A batch of observations and info from the vectorized environment.

Example

>>> import gymnasium as gym
>>> envs = gym.make_vec("CartPole-v1", num_envs=3, vectorization_mode="sync")
>>> observations, infos = envs.reset(seed=42)
>>> observations
array([[ 0.0273956 , -0.00611216,  0.03585979,  0.0197368 ],
       [ 0.01522993, -0.04562247, -0.04799704,  0.03392126],
       [-0.03774345, -0.02418869, -0.00942293,  0.0469184 ]],
      dtype=float32)
>>> infos
{}
VectorEnv.render() tuple[RenderFrame, ...] | None[source]

Returns the rendered frames from the parallel environments.

Returns:

A tuple of rendered frames from the parallel environments

VectorEnv.close(**kwargs: Any)[source]

Close all parallel environments and release resources.

It also closes all the existing image viewers, then calls close_extras() and set closed as True.

Warning

This function itself does not close the environments, it should be handled in close_extras(). This is generic for both synchronous and asynchronous vectorized environments.

Note

This will be automatically called when garbage collected or program exited.

Parameters:

**kwargs – Keyword arguments passed to close_extras()

속성

VectorEnv.num_envs: int

벡터 환경에 포함된 하위 환경의 수.

VectorEnv.action_space: gym.Space

(배치된) 액션 공간. `step`의 입력 액션은 `action_space`의 유효한 요소여야 합니다.

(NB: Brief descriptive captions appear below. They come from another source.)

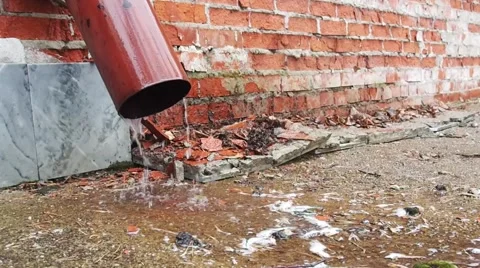 Rain water flowing from drain pipe closeup Stock Footage 62379128
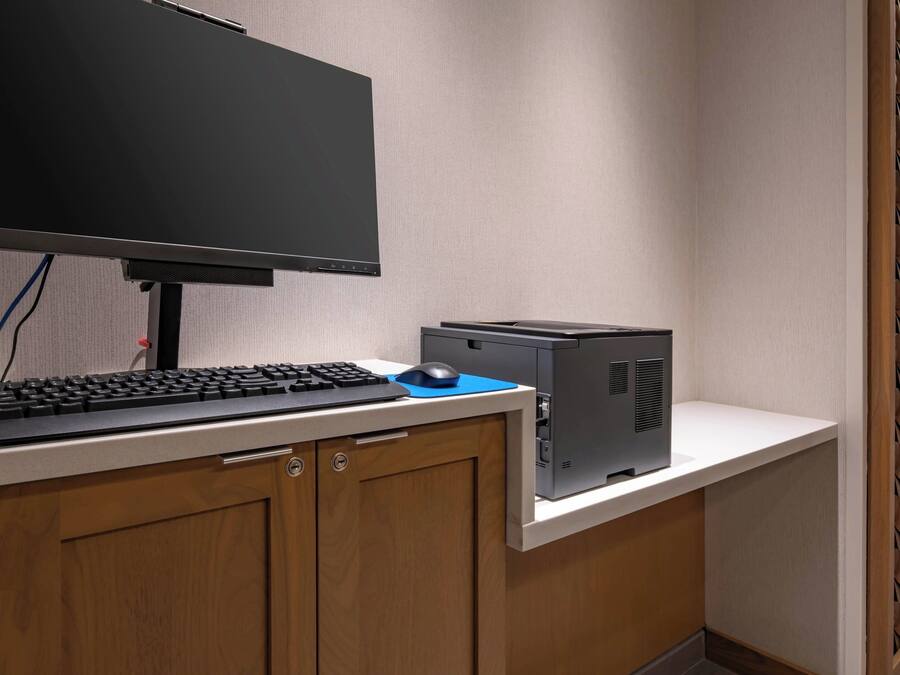 A computer desk with a monitor, keyboard, mouse, and a desktop computer.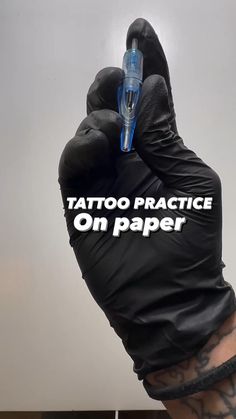 tattoo practice on paper written on the back of a hand wearing black gloves and holding an electronic device in it's palm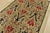 A traditional Ikat rug hand-knotted with fine wool on a cotton foundation. This rug features a botanical design set...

VectorEnv.observation_space: gym.Space

(배치된) 관찰 공간. reset`step`에 의해 반환되는 관찰은 `observation_space`의 유효한 요소입니다.

VectorEnv.single_action_space: gym.Space

하위 환경의 액션 공간.

VectorEnv.single_observation_space: gym.Space

하위 환경의 관찰 공간.

VectorEnv.spec: EnvSpec | None = None

gymnasium.make_vec() 중에 일반적으로 설정되는 환경의 EnvSpec

VectorEnv.metadata: dict[str, Any] = {}

렌더링 모드, 렌더링 FPS 등을 포함하는 환경의 메타데이터

VectorEnv.render_mode: str | None = None

`Env.render_mode`와 유사한 사양을 따라야 하는 환경의 렌더링 모드.

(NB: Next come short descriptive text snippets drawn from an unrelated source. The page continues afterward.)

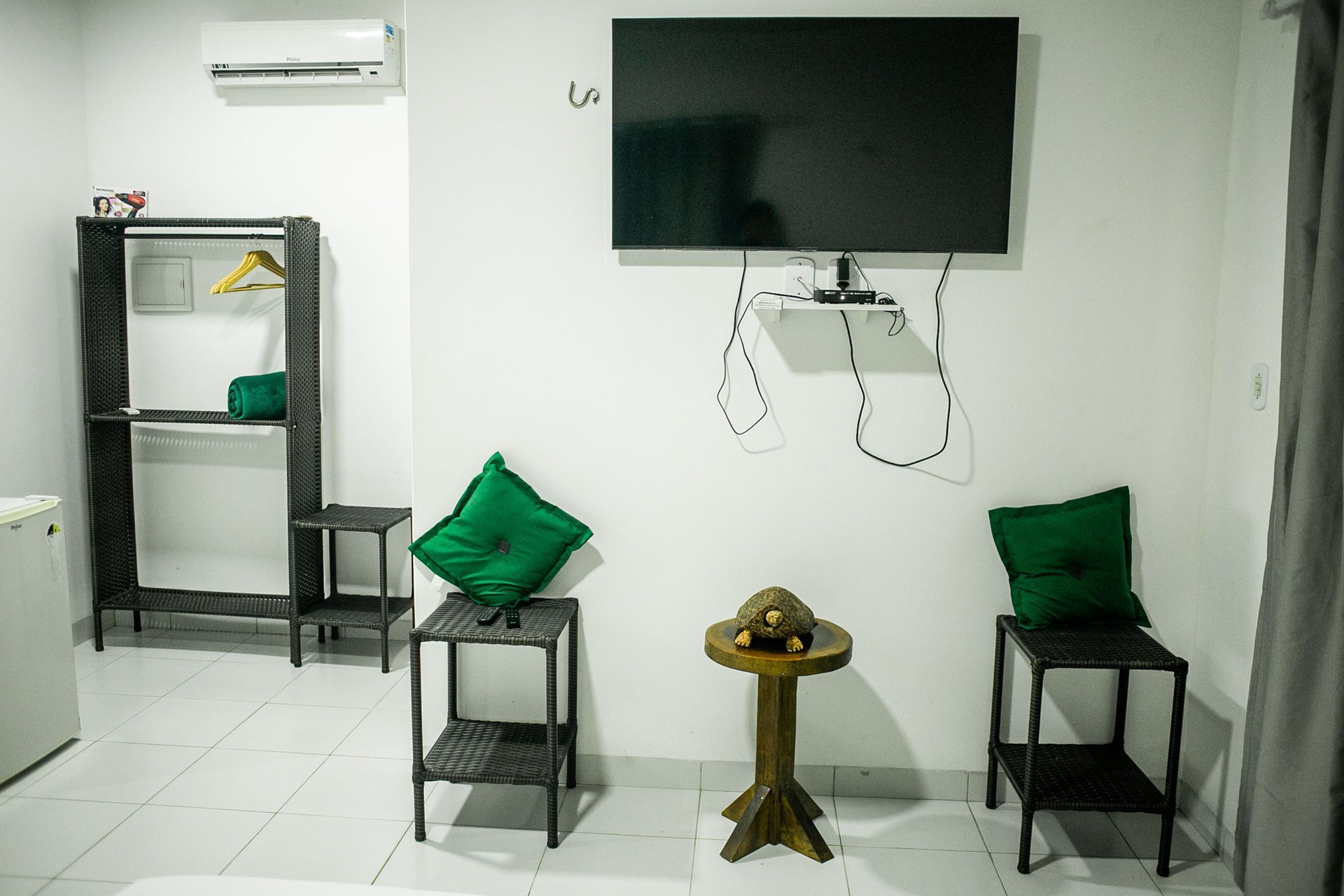 A white-walled room with a TV, open wardrobe, two side tables with green pillows, and an air conditioner.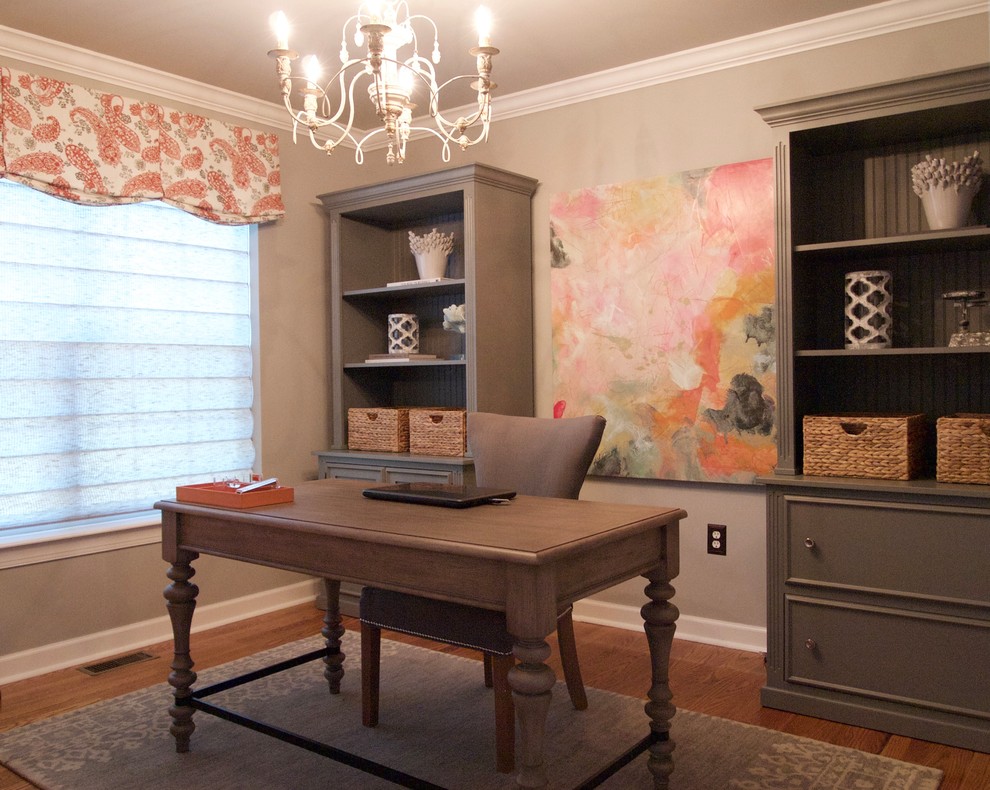 Immagine di un piccolo studio minimal con pareti grigie, pavimento in legno massello medio, scrivania autoportante e pavimento marrone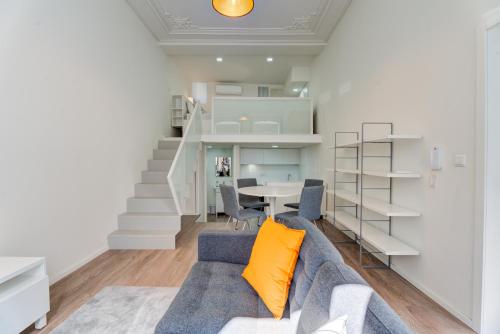 a living room with a couch and a table at Carmo Flats Historic Center - Collection by Perpetual Relax in Braga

VectorEnv.closed: bool = False

벡터 환경이 이미 닫혔는지 여부.

추가 메서드

property VectorEnv.unwrapped

Return the base environment.

property VectorEnv.np_random: Generator

Returns the environment’s internal _np_random that if not set will initialise with a random seed.

Returns:

Instances of `np.random.Generator`

property VectorEnv.np_random_seed: int | None

Returns the environment’s internal _np_random_seed that if not set will first initialise with a random int as seed.

If np_random_seed was set directly instead of through reset() or set_np_random_through_seed(), the seed will take the value -1.

Returns:

int – the seed of the current np_random or -1, if the seed of the rng is unknown

벡터 환경 만들기

벡터 환경을 생성하기 위해 gymnasium은 :func:`gymnasium.make`와 동일한 함수로 :func:`gymnasium.make_vec`를 제공합니다.